[Stored dataset items]
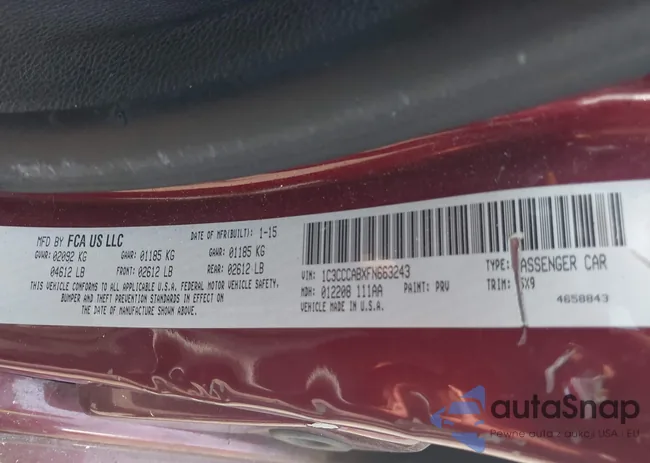 1C3CCCABXFN663243: 42651595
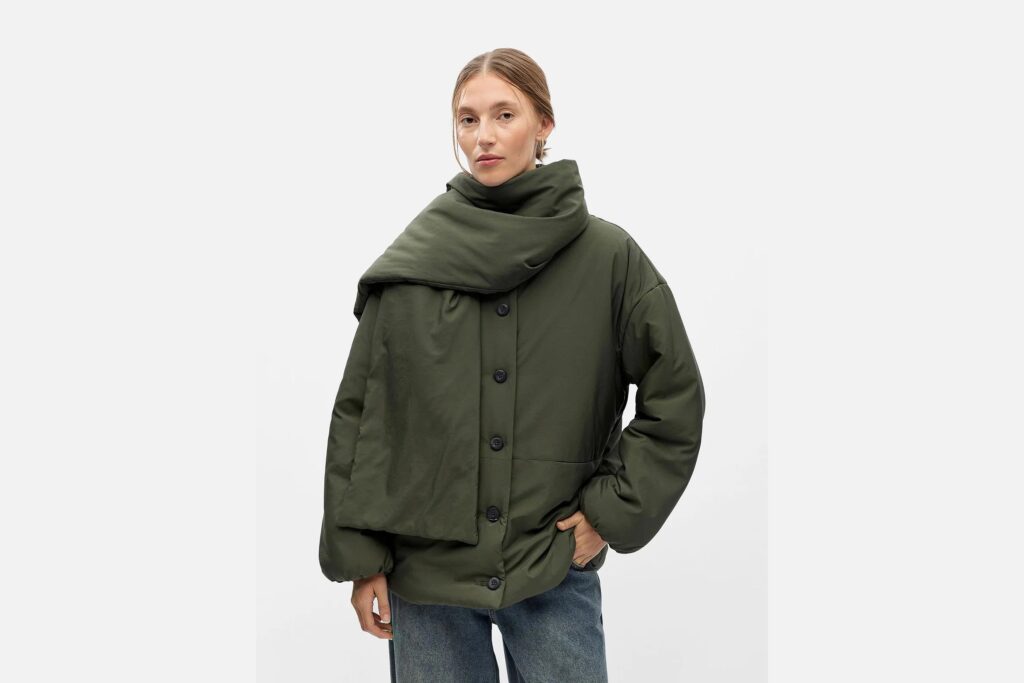 OBJGEMMI LS LO SCARF JACKET KAMBABA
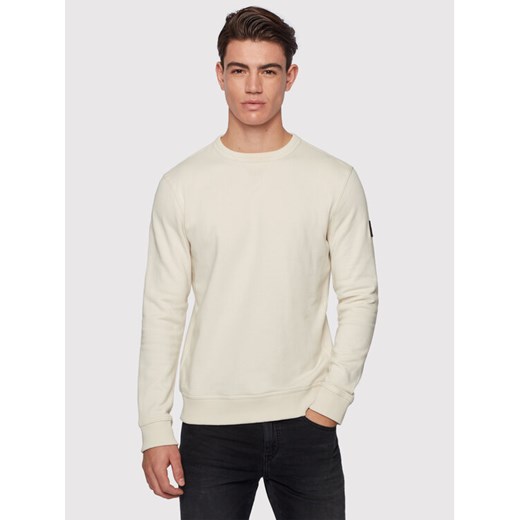 Boss Bluza Walkup 1 50426608 Beżowy Relaxed Fit ze sklepu MODIVO w kategorii Bluzy męskie - zdjęcie 182658454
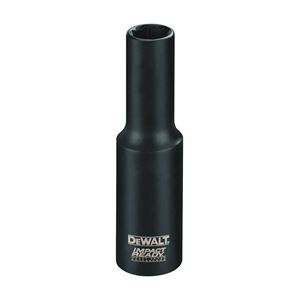 DeWALT IMPACT READY DW2293 Impact Socket, 15/16 in Socket, 3/8 in Drive, Square Drive, 6-Point, Steel, Black Oxide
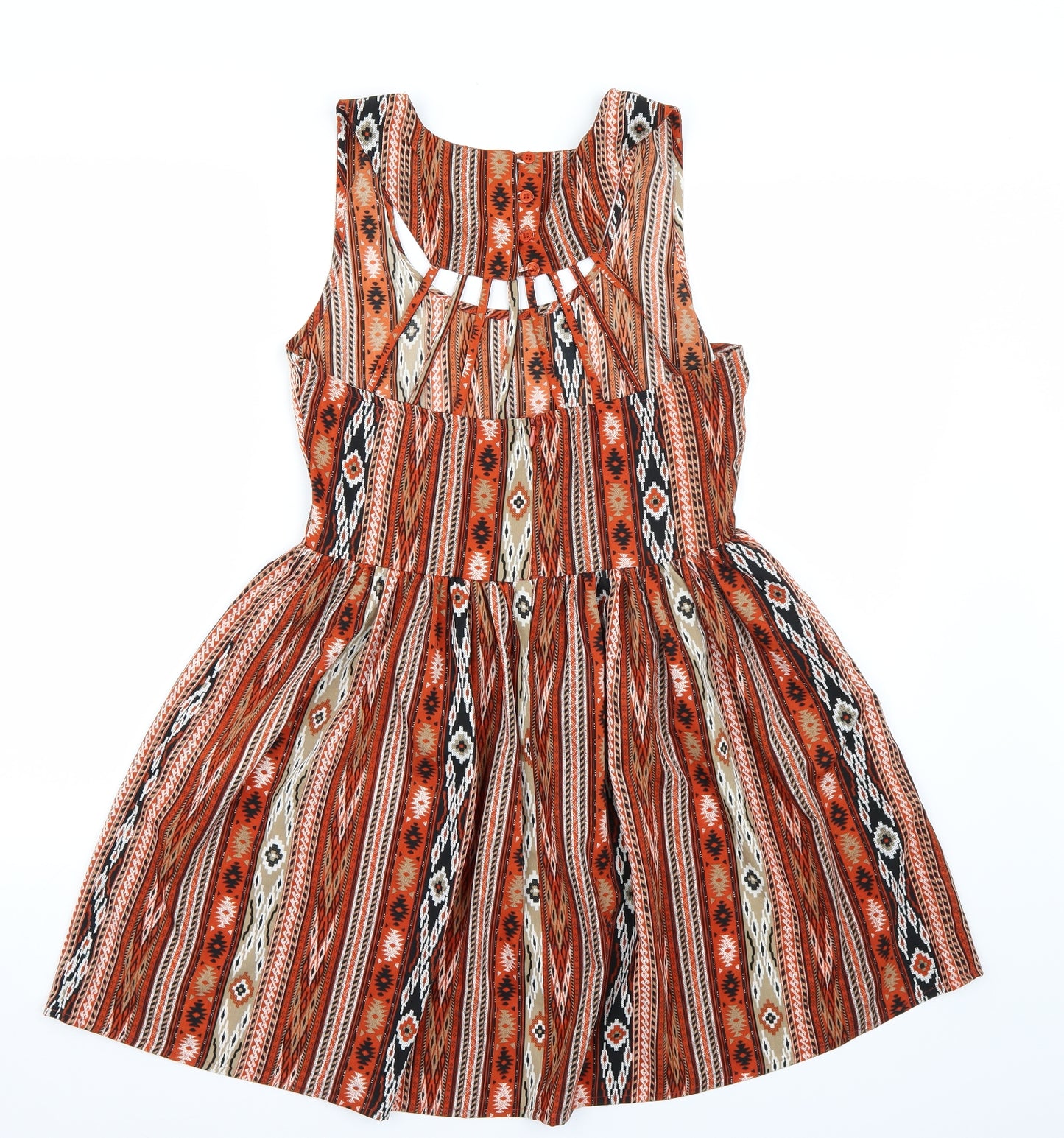 Blue Plate Womens Orange   A-Line  Size M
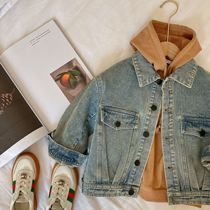 Chen Ma childrens coat 2021 Spring and Autumn new boys and girls make old cowboy shirt baby Korean version of foreign style coat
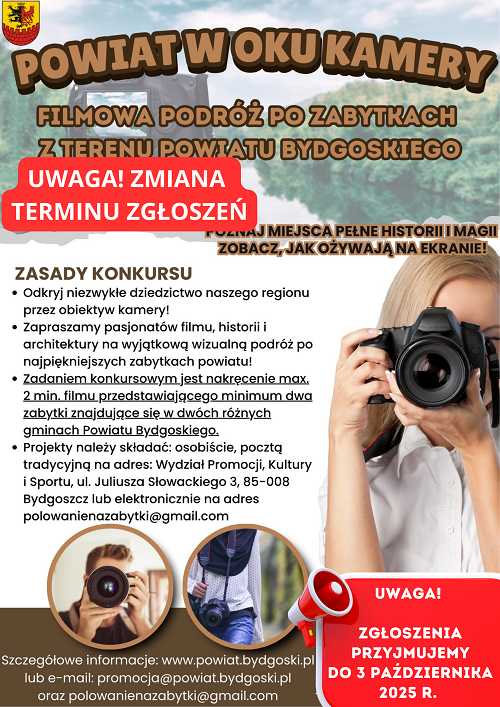 POWIAT W OKU KAMERY ZMIANA TERMINU ZGlOSZEN 1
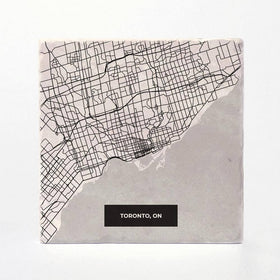 Toronto Modern Map Coasters - 0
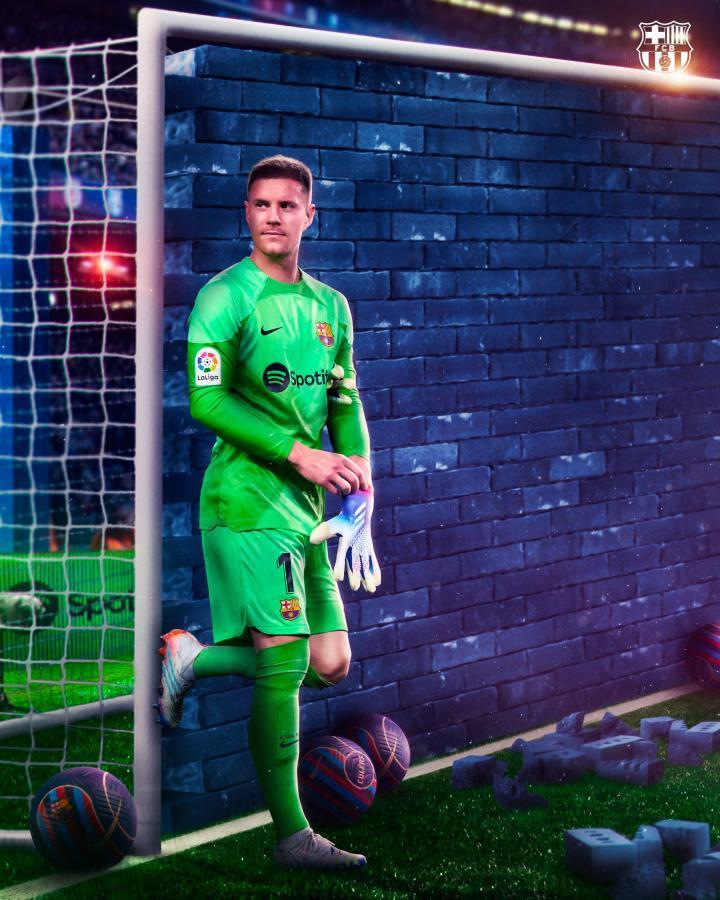 巴萨门将特尔施特根本赛季西甲已收获24次零封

[What you need to do] Starting at the line containing "OBJGEMMI LS LO SCARF JACKET KAMBABA" and stopping at the line containing "Blue Plate Womens", output each line exactly as it appears above. Leave out the pictures.

[Exercise result]
 OBJGEMMI LS LO SCARF JACKET KAMBABA
 Boss Bluza Walkup 1 50426608 Beżowy Relaxed Fit ze sklepu MODIVO w kategorii Bluzy męskie - zdjęcie 182658454
 DeWALT IMPACT READY DW2293 Impact Socket, 15/16 in Socket, 3/8 in Drive, Square Drive, 6-Point, Steel, Black Oxide
 Blue Plate Womens Orange   A-Line  Size M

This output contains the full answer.